Comics provided my first football lessons but by the time I was 11 they had been usurped by a more serious publication, Football Handbook. With its in-depth profiles and tactical features, the piecework magazine gave the young supporter a football education alongside trying to sell you binders. Indeed, armed only with its chalkboard-style reproduction of goals and a library copy of Malcolm Allison's Soccer for Thinkers you had all the tools required to deconstruct the game and become an insufferable know-all.
Yet, although Roy of the Rovers and its imitators were juvenile in comparison to the more erudite pamphlet, the myth-making did have a profound effect. Shoot! and Match, whose glossy pages festooned many a bedroom wall, were preoccupied with the present and the attempt to make celebrities of footballers whose life's ambition was to meet Barbra Streisand. Roy Race schooled you in the romance of the game – no cause was ever truly lost, the little guy always has a chance against the big guy and dogged endeavour will always bring its own rewards. Without it there would have been no How Steeple Sinderby Wanderers Won the FA Cup and perhaps not even fictional football's Everest – Ripping Yarns' Golden Gordon.
Apart from Foul and the Football League Review, there was little to sustain the adult supporter. Children had Blackie Gray, Hot Shot Hamish and Nipper Lawrence every week to hook them in and nurture a lifelong love. Roy of the Rovers never really recovered from being mercilessly and hilariously parodied in Viz's Billy the Fish, which highlighted the clash between its out-of-date values and the ever-more convoluted story lines that tried to make it exciting for a dwindling audience. But the spoof was funny because of the affection the original had inspired.

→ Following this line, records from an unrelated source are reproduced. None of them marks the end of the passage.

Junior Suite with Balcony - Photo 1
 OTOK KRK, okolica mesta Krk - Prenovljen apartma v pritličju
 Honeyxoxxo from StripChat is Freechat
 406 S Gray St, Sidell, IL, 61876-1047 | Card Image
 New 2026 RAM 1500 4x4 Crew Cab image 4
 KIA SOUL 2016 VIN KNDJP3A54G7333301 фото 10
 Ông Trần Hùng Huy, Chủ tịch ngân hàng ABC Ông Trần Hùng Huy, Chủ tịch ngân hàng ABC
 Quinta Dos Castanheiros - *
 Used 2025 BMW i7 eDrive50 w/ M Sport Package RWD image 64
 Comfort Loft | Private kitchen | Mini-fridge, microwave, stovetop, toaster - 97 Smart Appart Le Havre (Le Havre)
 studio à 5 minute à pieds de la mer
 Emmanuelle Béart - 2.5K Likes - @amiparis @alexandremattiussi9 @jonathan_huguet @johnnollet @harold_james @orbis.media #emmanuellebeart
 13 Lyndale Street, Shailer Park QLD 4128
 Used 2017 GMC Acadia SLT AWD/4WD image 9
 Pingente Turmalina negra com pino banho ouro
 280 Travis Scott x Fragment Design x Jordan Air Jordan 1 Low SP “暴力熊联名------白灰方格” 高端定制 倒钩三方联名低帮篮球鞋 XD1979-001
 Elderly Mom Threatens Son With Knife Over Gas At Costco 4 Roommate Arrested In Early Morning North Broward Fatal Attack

Now, when children are being priced out of going to games and with magazines and TV programmes aimed at an older audience, the strip's demise in 1995 after 41 years severed a link between young supporters and football, one that clubs may yet come to mourn with future generations. That is why his fleeting reappearance this week is more than a dose of retro-kitsch sentimentality. Of course it is anachronistic, it always was, but its fate is a real shame.